(Stored records)

* * * * * * * * *

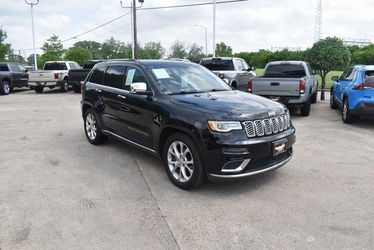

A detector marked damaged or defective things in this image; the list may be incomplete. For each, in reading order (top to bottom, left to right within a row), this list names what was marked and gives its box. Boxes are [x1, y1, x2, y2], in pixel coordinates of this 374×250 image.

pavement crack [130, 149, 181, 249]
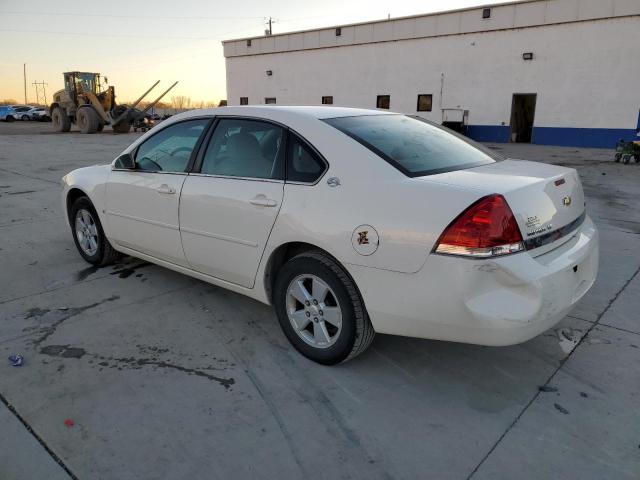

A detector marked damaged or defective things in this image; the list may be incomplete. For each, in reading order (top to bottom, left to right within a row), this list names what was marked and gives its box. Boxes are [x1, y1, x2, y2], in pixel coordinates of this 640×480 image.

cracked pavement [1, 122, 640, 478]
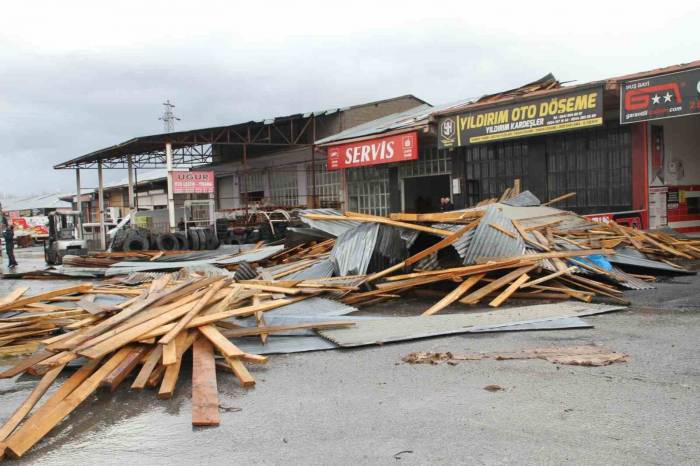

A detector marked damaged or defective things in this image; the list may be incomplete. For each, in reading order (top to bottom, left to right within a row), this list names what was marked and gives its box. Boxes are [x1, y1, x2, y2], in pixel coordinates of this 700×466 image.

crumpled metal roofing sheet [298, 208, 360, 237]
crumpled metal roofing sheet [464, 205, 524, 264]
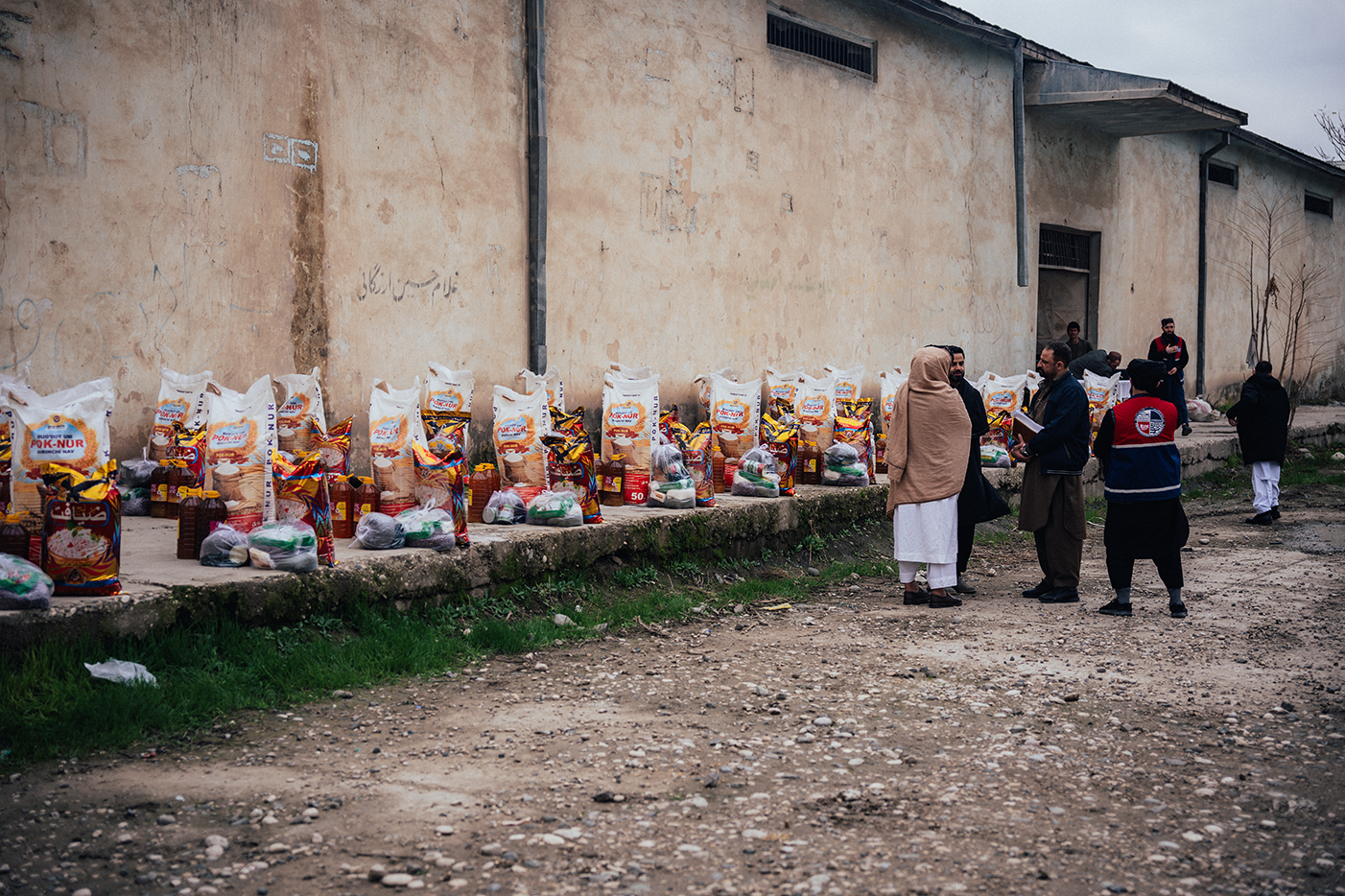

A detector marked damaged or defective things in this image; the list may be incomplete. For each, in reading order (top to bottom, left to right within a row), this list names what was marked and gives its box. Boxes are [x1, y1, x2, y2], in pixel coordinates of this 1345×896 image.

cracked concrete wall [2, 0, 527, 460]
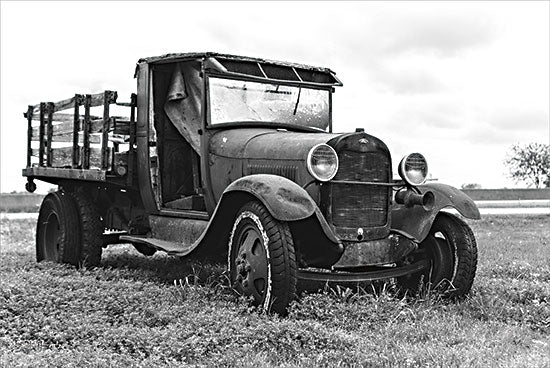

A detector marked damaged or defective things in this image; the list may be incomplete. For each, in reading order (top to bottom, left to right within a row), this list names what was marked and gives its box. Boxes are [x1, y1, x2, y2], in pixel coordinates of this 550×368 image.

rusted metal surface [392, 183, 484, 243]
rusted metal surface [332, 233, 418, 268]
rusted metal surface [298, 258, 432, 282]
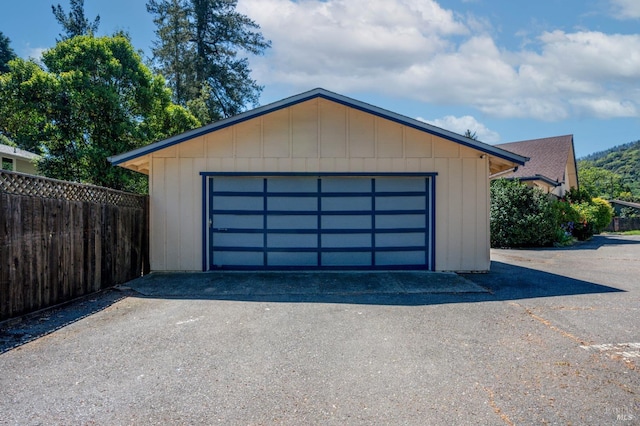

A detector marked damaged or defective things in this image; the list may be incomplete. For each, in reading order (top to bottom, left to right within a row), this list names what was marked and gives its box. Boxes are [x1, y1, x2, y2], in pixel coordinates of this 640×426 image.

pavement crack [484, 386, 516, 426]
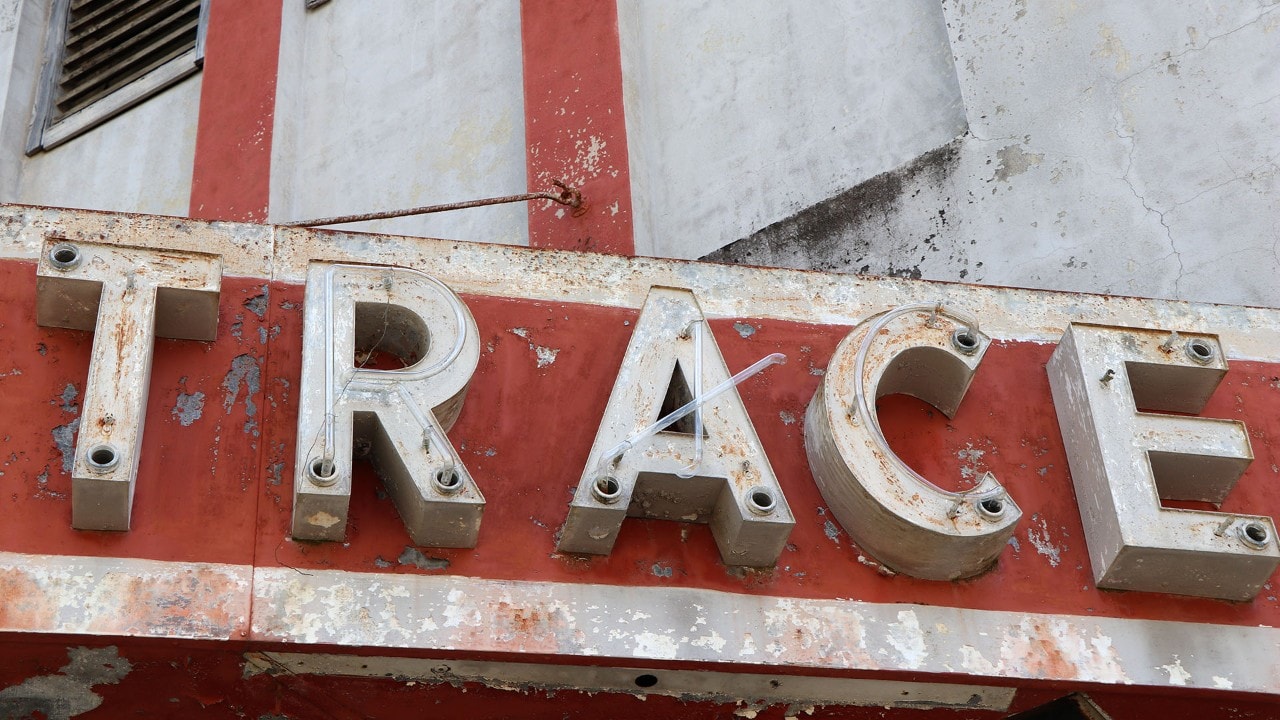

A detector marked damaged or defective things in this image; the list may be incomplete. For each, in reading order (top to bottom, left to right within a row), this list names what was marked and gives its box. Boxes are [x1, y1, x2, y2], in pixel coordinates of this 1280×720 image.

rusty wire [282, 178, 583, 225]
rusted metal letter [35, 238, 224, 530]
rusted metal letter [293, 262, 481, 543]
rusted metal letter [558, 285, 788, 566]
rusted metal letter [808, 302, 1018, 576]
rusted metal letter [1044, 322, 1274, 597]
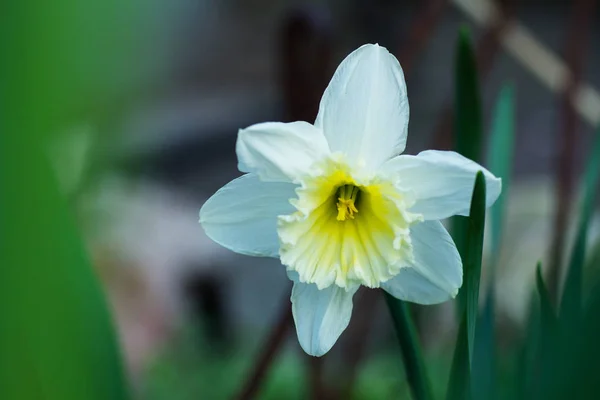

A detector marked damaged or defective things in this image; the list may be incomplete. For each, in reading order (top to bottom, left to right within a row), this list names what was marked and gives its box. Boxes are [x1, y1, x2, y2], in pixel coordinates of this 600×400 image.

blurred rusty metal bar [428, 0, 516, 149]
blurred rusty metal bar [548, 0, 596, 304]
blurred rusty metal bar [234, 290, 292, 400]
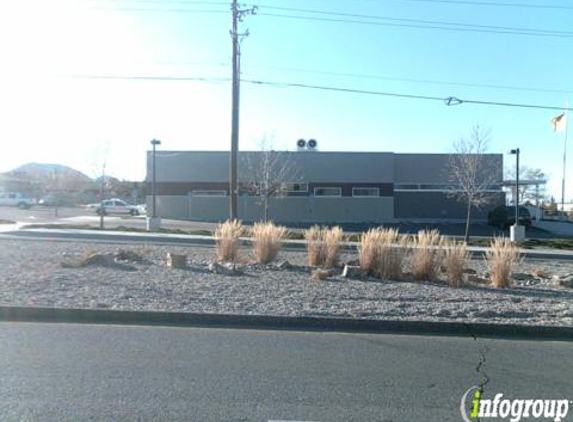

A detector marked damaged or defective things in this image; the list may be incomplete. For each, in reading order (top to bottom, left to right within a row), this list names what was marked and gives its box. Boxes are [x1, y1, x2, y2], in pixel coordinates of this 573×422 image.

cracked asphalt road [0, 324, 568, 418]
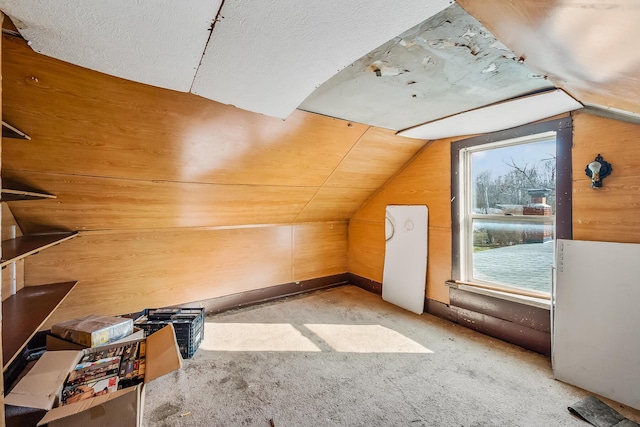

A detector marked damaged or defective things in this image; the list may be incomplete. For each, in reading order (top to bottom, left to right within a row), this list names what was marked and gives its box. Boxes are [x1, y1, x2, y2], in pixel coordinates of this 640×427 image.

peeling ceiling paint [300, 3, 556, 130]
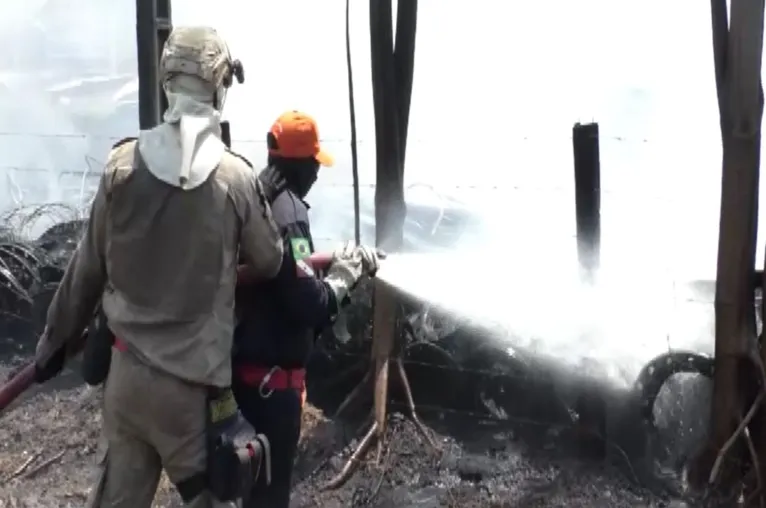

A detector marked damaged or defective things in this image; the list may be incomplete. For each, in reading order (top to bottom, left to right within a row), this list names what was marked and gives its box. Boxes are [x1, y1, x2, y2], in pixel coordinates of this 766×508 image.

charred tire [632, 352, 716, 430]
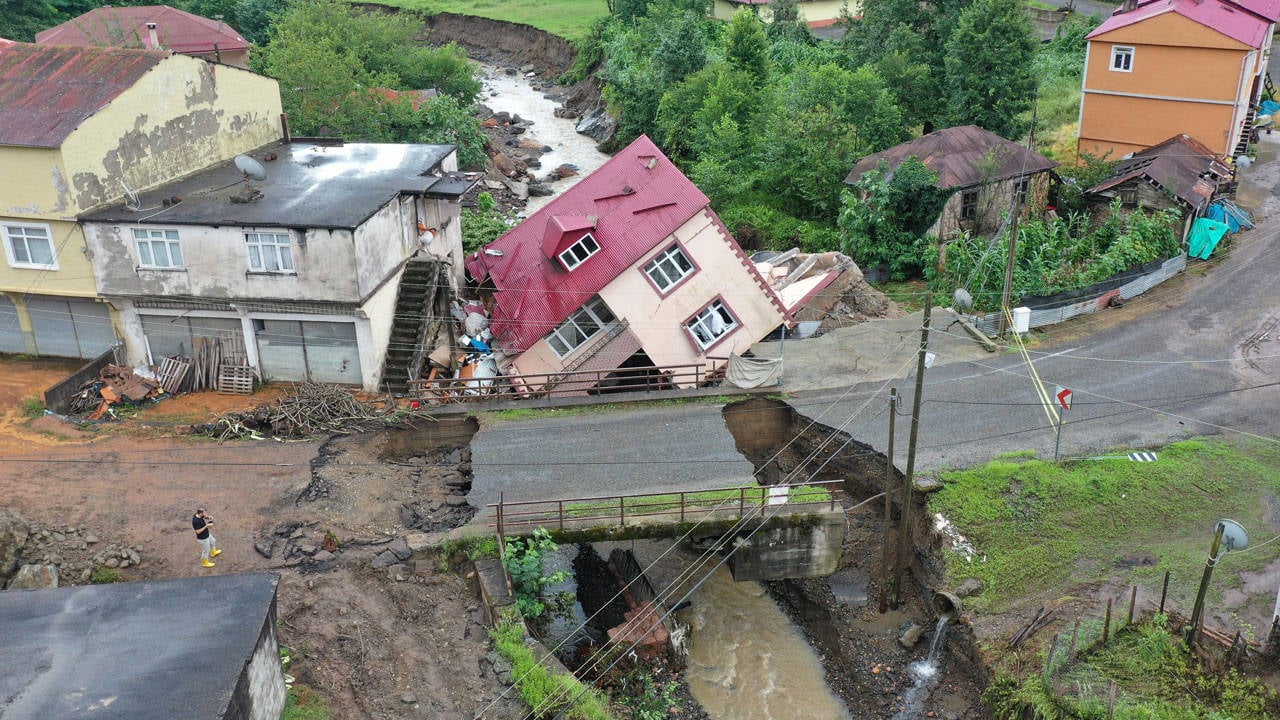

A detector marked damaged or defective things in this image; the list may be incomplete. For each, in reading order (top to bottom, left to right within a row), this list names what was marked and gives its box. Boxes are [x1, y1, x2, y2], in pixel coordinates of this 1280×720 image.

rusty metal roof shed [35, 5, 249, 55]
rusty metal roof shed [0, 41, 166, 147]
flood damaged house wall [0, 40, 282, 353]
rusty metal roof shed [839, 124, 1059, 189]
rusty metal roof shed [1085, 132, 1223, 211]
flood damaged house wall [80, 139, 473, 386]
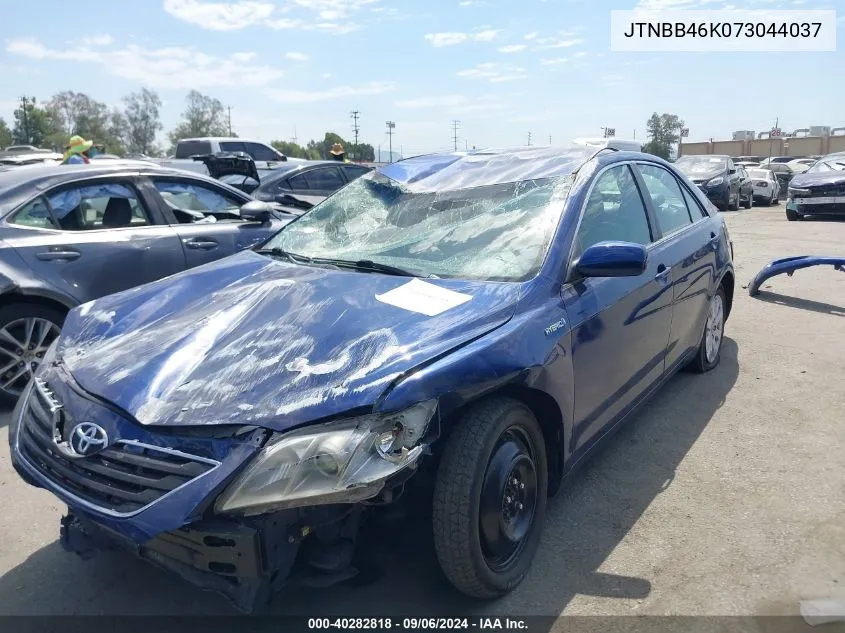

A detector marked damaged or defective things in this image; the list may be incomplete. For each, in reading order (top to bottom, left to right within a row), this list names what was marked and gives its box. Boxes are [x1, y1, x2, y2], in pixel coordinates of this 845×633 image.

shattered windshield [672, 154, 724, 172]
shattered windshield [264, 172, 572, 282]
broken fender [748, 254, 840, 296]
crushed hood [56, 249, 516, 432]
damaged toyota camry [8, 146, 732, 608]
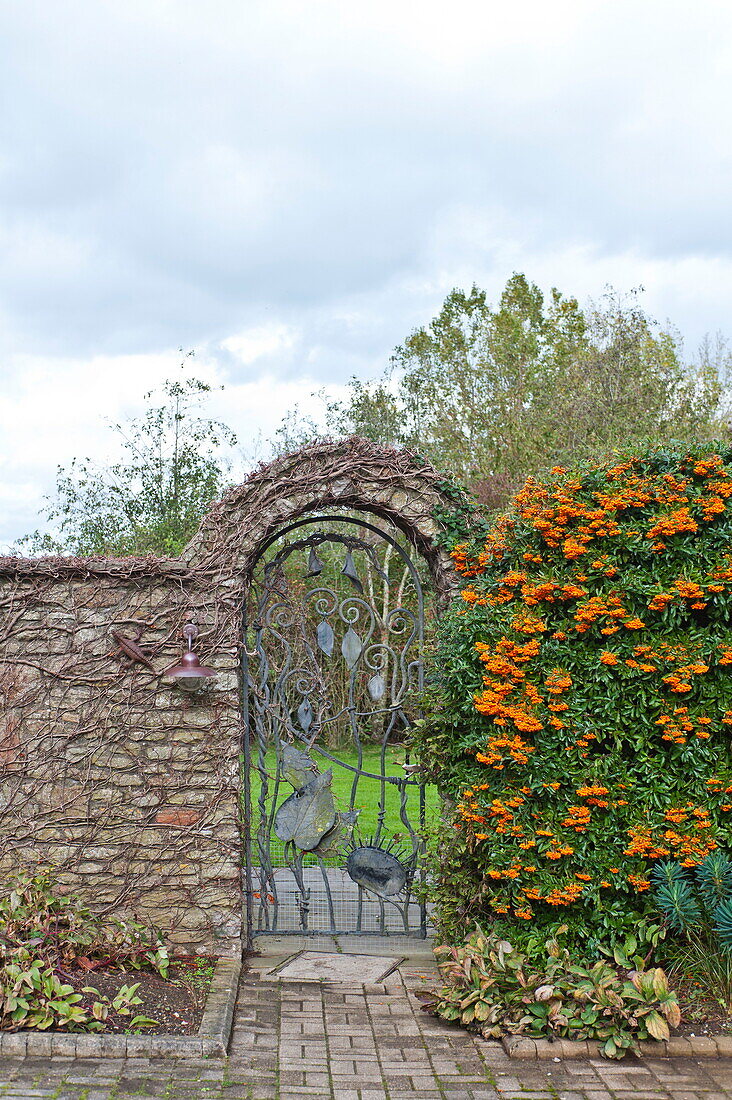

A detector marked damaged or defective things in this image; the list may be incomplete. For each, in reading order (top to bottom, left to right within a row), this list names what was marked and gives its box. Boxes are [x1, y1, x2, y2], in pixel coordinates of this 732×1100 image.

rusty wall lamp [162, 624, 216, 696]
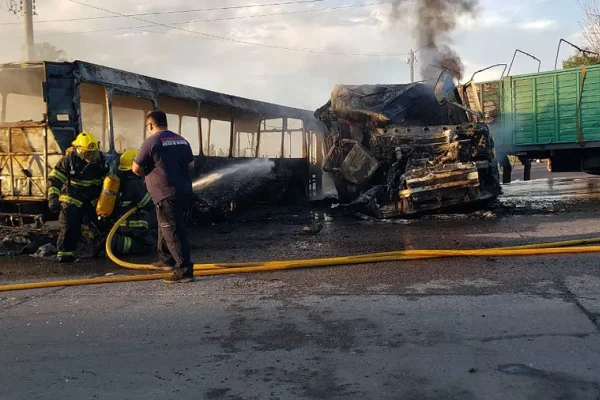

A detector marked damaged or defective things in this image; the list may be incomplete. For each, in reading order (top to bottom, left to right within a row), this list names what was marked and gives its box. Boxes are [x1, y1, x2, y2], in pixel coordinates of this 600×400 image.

* * * * * * * * *

# Directions for this task
When repeating the entries, leave out every picture and keep the rest exact.

# Expected output
A detector marked damaged or defective things in this image; the list may be incomplete. For each, in reading order (top to bottom, left to right within a row), this list names what was marked and gives its box. Boxes are [x1, y1, x2, y2], in pixel coordinates of this 374×250 image.

pavement crack [130, 149, 181, 249]

A detector marked damaged or defective things in this image; the list may be incomplete. For each, in reading order (top to bottom, left to right within a row), this list names what was marked and gives its box. Boxes are [x1, y1, x2, y2], in pixel coordinates of this 640×480 image.

cracked pavement [1, 122, 640, 478]

A detector marked damaged or defective things in this image; the list may be incomplete. For each, in reading order (top to bottom, left to right within a row), this list names what was marked and gives its box. Boxes are [x1, y1, x2, y2], in pixel coordinates of this 700×466 image.

crumpled metal roofing sheet [298, 208, 360, 237]
crumpled metal roofing sheet [464, 205, 524, 264]

A detector marked damaged or defective things in this image; the list may be incomplete. For each, in reading order (top to bottom, left to right within a row), this list names what was marked and gives its box. Boxes are [x1, y1, x2, y2], in pixel coordinates of this 1345×896 image.

cracked concrete wall [2, 0, 527, 460]

A detector marked damaged or defective things in this image; the list may be incomplete. For each, in reading order (top to bottom, left to right within a row), this list names what was marked and gives its box. Boxes are [x1, y1, x2, y2], in pixel coordinates of this 550×368 image.

rusted metal surface [392, 183, 484, 243]
rusted metal surface [332, 233, 418, 268]
rusted metal surface [298, 258, 432, 282]

A detector marked damaged or defective things in this image; the list may be incomplete. For each, in reading order (top to bottom, left to right within a row), this list names what was marked and gives its box. Boxes are [x1, y1, x2, y2], in pixel coordinates of this 640×426 image.

pavement crack [484, 386, 516, 426]

A detector marked damaged or defective things in this image; the list may be incomplete. For each, in reading order (top to bottom, left to right within a row), this list names what was marked and gives its box. Boxes are [x1, y1, x2, y2], in pixel coordinates of this 1280×720 image.

rusty wire [282, 178, 583, 225]
rusted metal letter [35, 238, 224, 530]
rusted metal letter [293, 262, 481, 543]
rusted metal letter [558, 285, 788, 566]
rusted metal letter [808, 302, 1018, 576]
rusted metal letter [1044, 322, 1274, 597]

A detector marked damaged or defective things in this image; the list may be incomplete. For each, in reading order (top to bottom, left to right within a row), this list names what was marked and gives its box. Boxes are [x1, y1, x2, y2], in pixel coordinates of this 600×400 image.

blurred rusty metal bar [428, 0, 516, 149]
blurred rusty metal bar [548, 0, 596, 304]
blurred rusty metal bar [234, 290, 292, 400]

A detector marked damaged or defective things in this image; the list may be incomplete. For each, in reading order (top to bottom, left to right within a row), this list names what was marked and gives its box. Boxes are [x1, y1, x2, y2], in pixel coordinates of this 573×422 image.

cracked asphalt road [0, 324, 568, 418]

A detector marked damaged or defective things in this image; the list may be incomplete. For each, in reading order (top to bottom, left to right within a row), this list names what was marked and gives its box. Boxes are [x1, y1, x2, y2], in pixel coordinates of this 640×427 image.

peeling ceiling paint [300, 3, 556, 130]

A detector marked damaged or defective things in this image; the list may be incomplete. For each, in reading order (top to bottom, left to right within a row), this list names what was marked and gives its box. Boxes are [x1, y1, x2, y2], in pixel coordinates of this 766×508 image.

charred tire [632, 352, 716, 430]

A detector marked damaged or defective things in this image; the list may be incomplete. For each, in reading order (top to bottom, left to right within a row), this list names what was marked and gives its box. Boxes are [x1, y1, x2, y2], in pixel coordinates of this 1280×720 image.

rusty metal roof shed [35, 5, 249, 55]
rusty metal roof shed [0, 41, 166, 147]
flood damaged house wall [0, 40, 282, 353]
rusty metal roof shed [839, 124, 1059, 189]
rusty metal roof shed [1085, 132, 1223, 211]
flood damaged house wall [80, 139, 473, 386]

A detector marked damaged or defective things in this image; the list may be incomplete. For each, in reading order (top to bottom, left to right within a row), this list names what was marked and gives its box. Boxes are [x1, y1, x2, y2], in pixel coordinates of this 845×633 image.

shattered windshield [672, 154, 724, 172]
shattered windshield [264, 172, 572, 282]
broken fender [748, 254, 840, 296]
crushed hood [56, 249, 516, 432]
damaged toyota camry [8, 146, 732, 608]

A detector marked damaged or defective things in this image; the list may be incomplete. For each, in reading order (top to bottom, left to right within a row), this list names what was marked and gives its box. Boxes are [x1, y1, x2, y2], in pixel coordinates of this 732×1100 image.

rusty wall lamp [162, 624, 216, 696]

A detector marked damaged or defective things in this image; the list may be incomplete. For each, in reading order (top to bottom, left to right within a row), this list names what was marked and gives its box. Boxes are [x1, y1, x2, y2], in pixel coordinates of this 600×400 image.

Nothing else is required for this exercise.